Unnatural (2015)

It’s James Remar VS a polar bear/wolf hybrid monster in the freezing coldest “Jaws” knock-off of the year. Any questions?

I’ve always been a sucker for a good monster movie, sometimes even a not so good monster movie, but I just can’t stomach the type of cartoony, CGI-laden, soullessly crapped out schlock like “Sharknado” that the SyFy Channel cranks out like ground sausage. So when I find out that a filmmaker has purposefully chosen to make a monster movie using nothing but old school, practical special effects like animatronics and suit-mation to bring their monster to life, my interest level rises considerably.

Good practical effects combined with my admitted childhood bear phobia makes “Unnatural” a perfect storm of B-movie shenanigans suited for a fine weeknight slice of terror-tainment. It’s one of those little horror movies that’s not quite ready for Saturday night, but sure does make Wednesday night go down easier.

In a year that has given us no fewer than three major “bear terror” thrillers including the A-list cast actioner “Into the Grizzly Maze” and the found footage survival yarn “Backcountry,” “Unnatural” is easily the most ridiculous and probably the most fun of the three. Shot on location in Fairbanks, Alaska, it also delivers beautiful frozen wilderness landscapes that bring on the frosty atmosphere perfect for snuggling up in a warm blanket by an open fire with a steaming cup of hot joe (alcohol optional).
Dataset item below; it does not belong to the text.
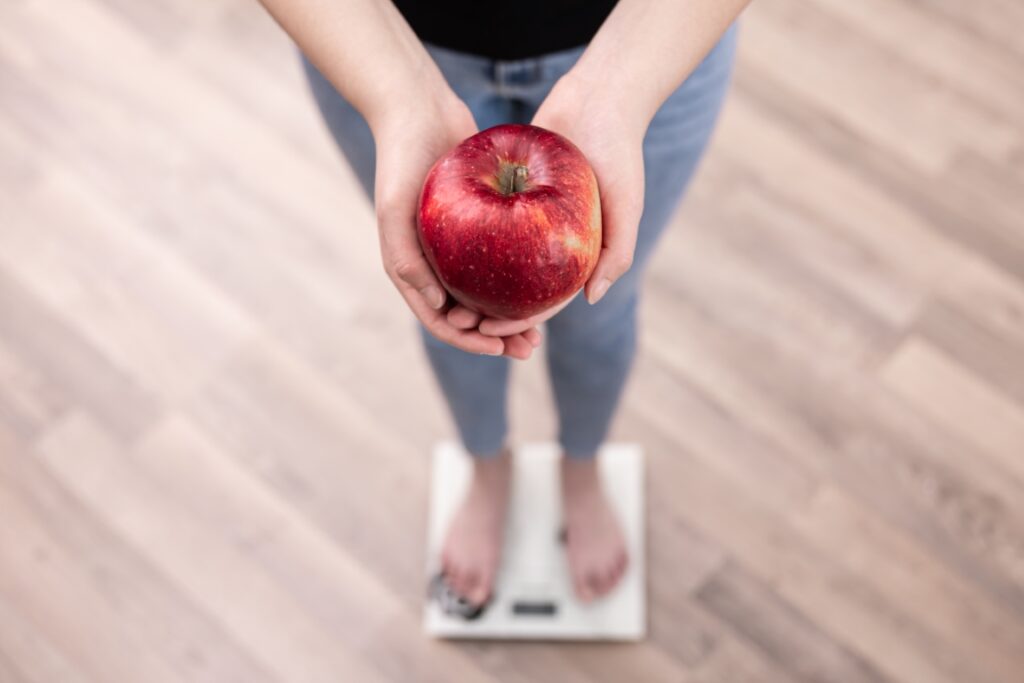 Zena drži jabuku u krukama dok stoji na tjelesnu vagu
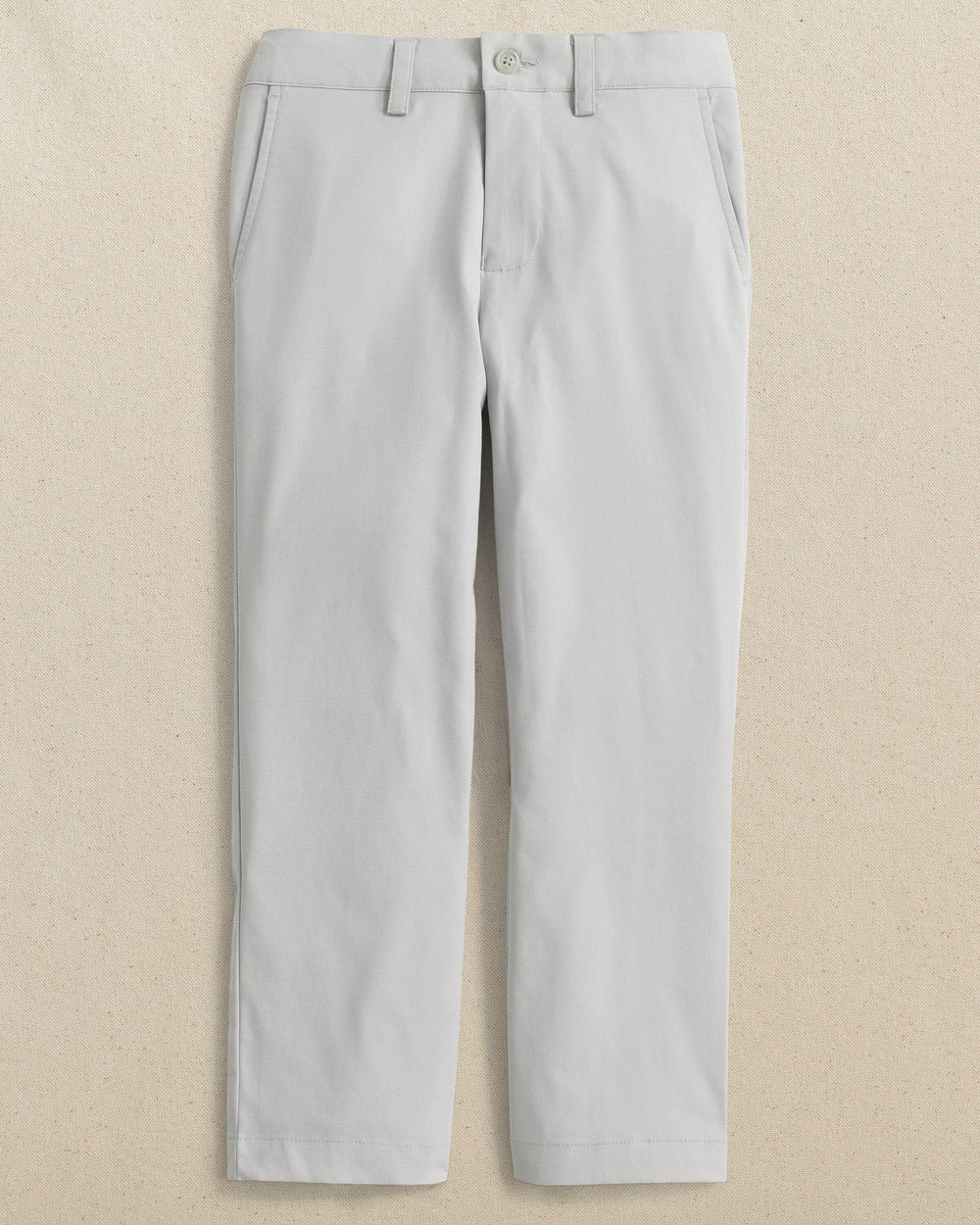 The front view of the Youth Leadhead Performance Pant by Southern Tide - Seagull Grey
Aging 80’s actors James Remar (“The Warriors,” “48 Hours”) and Sherilyn Fenn (“The Wraith,” “Twin Peaks”) are the two major characters grounding the more dubious aspects of this “nature runs amok” tale which combines  the DNA manipulation of “Jurassic World” with the inherent dangers of global warming. Fenn plays a scientist working on a secret government project to save endangered polar bears by combining their DNA with the more aggressive and adaptive genetic code of wolves. Of course, her prize subject is an uncontrollable Frankenstein monster that escapes, killing everyone in the lab but her and setting loose a monstrous polar bear/wolf hybrid (werebear?) on unsuspecting lodge owner, James Remar, who has just taken in a group of bikini models and their unsavory photographer for a winter calendar photo shoot.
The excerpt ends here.